As well as writing Bad Hair Year for my own catharsis, I wanted to share my journey with others who might be going through similar ordeals, whether they be health issues or other life traumas. I explored a number of coping mechanism to help get me through, including diet, alternative medicine, visualisation, meditation, yoga, hypnotherapy, and perhaps the most powerful - humour! I was hopeful that I could reach people in need of a more positive outlook on their own situation
Question: Was it difficult reliving certain times of your life, when writing Bad Hair Year?
Bambi Smyth: I was writing as I was experiencing the treatments and the diagnoses etc, so it was all wrapped up together, and I simply got on with it. In fact, detailing the procedures etc in minute detail, was paradoxically a great distraction! However, what I found the hardest was reliving the period when my sister died of metastasized breast cancer twelve or so years earlier. Facing the possibility of meeting a similar fate not only filled me with fear as I knew exactly what to expect, but it also gave me nightmares of what she had gone through, and how anguished she must have been.
Question: What did you learn, about yourself, when writing Bad Hair Year?
Bambi Smyth: Wow. So much. I learned that I am far braver than I ever would have expected. I learned that I am a fighter. I learned that for too many years I had been working too hard and it was about time to stop and smell the roses. I learned that some of my priorities were all wrong, (money, status, parties), and that all that really mattered in life was family, friends, and good health. I learned that the body that I'd been ashamed of for most of my life (too skinny, too flat-chested, too tall etc) was in fact an extraordinary masterpiece of biology and something to be loved and nurtured. I learned how insignificant I was in the world, yet how important. I learned that life was a tenuous matter, and that I had to make the most of it before it was too late.

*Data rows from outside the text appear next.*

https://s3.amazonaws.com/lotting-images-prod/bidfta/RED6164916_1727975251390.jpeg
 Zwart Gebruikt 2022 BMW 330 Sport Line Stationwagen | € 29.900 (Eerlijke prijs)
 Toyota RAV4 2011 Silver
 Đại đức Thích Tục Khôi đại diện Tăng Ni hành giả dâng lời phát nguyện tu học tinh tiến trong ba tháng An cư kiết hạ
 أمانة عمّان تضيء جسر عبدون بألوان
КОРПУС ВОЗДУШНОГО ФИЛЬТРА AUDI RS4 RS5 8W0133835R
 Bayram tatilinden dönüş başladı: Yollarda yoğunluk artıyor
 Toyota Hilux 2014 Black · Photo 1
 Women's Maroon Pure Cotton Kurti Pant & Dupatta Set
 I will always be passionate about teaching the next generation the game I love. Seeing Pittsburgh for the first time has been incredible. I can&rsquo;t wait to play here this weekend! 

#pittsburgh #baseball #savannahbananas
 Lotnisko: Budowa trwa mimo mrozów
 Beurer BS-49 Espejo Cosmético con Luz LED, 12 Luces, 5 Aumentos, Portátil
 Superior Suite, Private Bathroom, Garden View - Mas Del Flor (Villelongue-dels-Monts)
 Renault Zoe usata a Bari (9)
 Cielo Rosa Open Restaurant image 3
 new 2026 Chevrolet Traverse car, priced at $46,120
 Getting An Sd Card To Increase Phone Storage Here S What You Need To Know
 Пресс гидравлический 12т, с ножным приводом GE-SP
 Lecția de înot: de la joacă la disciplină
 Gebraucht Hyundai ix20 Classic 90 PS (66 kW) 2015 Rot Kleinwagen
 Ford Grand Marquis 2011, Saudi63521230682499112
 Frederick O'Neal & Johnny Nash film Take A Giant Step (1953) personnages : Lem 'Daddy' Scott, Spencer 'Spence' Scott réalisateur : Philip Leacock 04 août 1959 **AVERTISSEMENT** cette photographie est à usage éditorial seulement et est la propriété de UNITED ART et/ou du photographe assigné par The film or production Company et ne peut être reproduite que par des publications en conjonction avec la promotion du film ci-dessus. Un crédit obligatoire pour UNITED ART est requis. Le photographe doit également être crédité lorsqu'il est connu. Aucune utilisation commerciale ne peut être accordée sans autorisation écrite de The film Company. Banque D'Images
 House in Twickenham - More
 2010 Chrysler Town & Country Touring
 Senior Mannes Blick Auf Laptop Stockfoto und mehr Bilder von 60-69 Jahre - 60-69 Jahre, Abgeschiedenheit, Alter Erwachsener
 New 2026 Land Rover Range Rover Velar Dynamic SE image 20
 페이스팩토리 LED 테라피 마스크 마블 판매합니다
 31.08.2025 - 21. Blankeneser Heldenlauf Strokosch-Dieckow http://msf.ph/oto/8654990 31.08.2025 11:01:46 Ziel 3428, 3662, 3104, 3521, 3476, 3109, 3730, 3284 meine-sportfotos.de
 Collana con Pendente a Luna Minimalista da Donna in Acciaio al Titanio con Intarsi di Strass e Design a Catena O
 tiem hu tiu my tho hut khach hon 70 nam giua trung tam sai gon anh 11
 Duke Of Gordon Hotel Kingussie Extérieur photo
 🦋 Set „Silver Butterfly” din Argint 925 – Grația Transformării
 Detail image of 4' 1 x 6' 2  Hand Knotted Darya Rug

Most importantly, I learned how very very lucky I was, and to never take my life for granted again.
Bambi Smyth: That there's someone out there who understands (some of) what they are going through, and that they're not alone.
That even when - through ill health or other traumas - they think they have lost control over their lives, there are still plenty of ways that they can be proactive in order to keep SOME control - diet, exercise, alternative medicine, second opinions, positive attitude, etc
To look at the glass half full, not half empty.
That humour is an immensely powerful weapon against adversity and fear.
To realise that they don't have to be 'stuck' in a bad job, bad relationship, bad life, or even bad health, but that there are a great many things they can change in order to improve their lives. To ACCEPT THEMSELVES not as an imperfect being, but as someone who is perfectly imperfect
To learn how to live their lives day by day, minute by minute, and to appreciate all the wondrous things that come their way, and that they've always taken for granted, whether it be a ladybird walking across their hand, the feel of the sun on their face, or the smell of freshly cut grass.
To write down their Bucket List, and get on with it! (Top of the list for me was swimming with humpback whales in Tong - a life affirming experience second to none!)